New Zealand-based insurer Tower has renewed its reinsurance programme for the financial year ending September 2026, increasing its catastrophe cover limit to NZ$915 million from NZ$800 million in 2025.

Meanwhile, the renewed programme includes continued coverage for a third catastrophe event of up to NZ$85 million, along with a structural shift in protection for large individual property risks, transitioning from proportional to excess-of-loss coverage, which reportedly reduces reinsurance premiums while maintaining strong protection for large claims.
Under Tower’s renewed 2026 programme, the catastrophe reinsurance excess is set at NZ$20 million for each of the first two events, up from NZ$18.75 million in 2025 following the expiry of multi-year arrangements.
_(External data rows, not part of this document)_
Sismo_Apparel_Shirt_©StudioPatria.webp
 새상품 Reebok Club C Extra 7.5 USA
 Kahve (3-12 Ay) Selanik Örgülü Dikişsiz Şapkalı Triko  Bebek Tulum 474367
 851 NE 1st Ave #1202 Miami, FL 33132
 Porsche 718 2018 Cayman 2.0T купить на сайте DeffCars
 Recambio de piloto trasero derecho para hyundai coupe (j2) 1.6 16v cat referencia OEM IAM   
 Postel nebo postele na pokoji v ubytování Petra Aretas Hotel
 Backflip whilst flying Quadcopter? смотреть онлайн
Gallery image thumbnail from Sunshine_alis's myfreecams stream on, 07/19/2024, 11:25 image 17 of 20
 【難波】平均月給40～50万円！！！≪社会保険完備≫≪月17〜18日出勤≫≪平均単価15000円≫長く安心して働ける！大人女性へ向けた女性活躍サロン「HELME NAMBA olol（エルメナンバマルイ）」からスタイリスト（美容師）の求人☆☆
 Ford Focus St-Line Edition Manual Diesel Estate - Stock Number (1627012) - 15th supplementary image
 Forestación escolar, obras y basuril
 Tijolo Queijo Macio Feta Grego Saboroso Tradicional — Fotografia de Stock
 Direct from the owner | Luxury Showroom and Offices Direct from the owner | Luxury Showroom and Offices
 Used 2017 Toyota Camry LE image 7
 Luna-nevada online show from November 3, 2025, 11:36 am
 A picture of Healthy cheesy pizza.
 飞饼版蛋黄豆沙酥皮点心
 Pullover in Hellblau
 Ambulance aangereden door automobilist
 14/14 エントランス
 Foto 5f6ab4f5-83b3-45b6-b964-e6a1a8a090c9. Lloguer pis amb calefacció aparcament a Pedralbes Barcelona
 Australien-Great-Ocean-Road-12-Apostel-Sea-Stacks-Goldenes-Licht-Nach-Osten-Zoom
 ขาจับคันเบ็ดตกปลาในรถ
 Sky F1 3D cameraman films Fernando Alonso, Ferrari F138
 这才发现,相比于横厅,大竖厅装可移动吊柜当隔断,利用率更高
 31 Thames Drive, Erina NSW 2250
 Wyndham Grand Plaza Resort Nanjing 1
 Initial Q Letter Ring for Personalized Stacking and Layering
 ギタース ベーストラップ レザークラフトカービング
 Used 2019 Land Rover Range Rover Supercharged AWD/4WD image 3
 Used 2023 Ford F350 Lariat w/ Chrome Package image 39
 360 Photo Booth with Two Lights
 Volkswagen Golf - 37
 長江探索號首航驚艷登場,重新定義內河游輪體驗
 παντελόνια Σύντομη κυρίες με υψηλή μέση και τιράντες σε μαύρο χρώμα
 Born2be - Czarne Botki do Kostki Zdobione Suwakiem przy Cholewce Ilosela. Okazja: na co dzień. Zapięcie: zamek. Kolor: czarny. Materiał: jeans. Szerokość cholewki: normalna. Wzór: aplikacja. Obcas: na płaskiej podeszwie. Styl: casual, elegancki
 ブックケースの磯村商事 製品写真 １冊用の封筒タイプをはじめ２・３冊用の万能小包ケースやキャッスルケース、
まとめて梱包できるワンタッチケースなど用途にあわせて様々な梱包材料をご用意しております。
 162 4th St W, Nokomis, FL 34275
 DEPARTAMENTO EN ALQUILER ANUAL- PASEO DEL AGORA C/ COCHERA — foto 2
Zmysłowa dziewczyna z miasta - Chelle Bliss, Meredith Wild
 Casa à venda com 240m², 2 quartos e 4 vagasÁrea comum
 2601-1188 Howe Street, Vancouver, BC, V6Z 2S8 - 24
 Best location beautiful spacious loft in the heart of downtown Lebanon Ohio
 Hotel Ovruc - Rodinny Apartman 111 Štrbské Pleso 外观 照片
It remains at NZ$20 million for a third event, unchanged from last year.
On this, Tower CEO Paul Johnston commented, “We’re pleased to have secured a comprehensive programme with stable excesses and lower pricing.
“This supports our ability to maintain competitive pricing for customers while protecting the business from volatility.”
Tower estimates its reinsurance premium expense will represent 10.7% of Gross Written Premium in the 2026 financial year, down from 13.3% in 2025.
“The reduction in reinsurance premium expense will be partly offset by lower reinsurance recoveries on property risks that were previously ceded to a proportional treaty,” the firm added.
Johnston continued, “Tower’s risk-based pricing strategy and ability to dynamically adjust rates have once again enabled us to secure favourable terms for FY26.
“We’ve deepened partnerships with global reinsurers, with several committing to new multi-year agreements. These arrangements offer greater certainty around future reinsurance costs and catastrophe excesses, supporting our resilience.”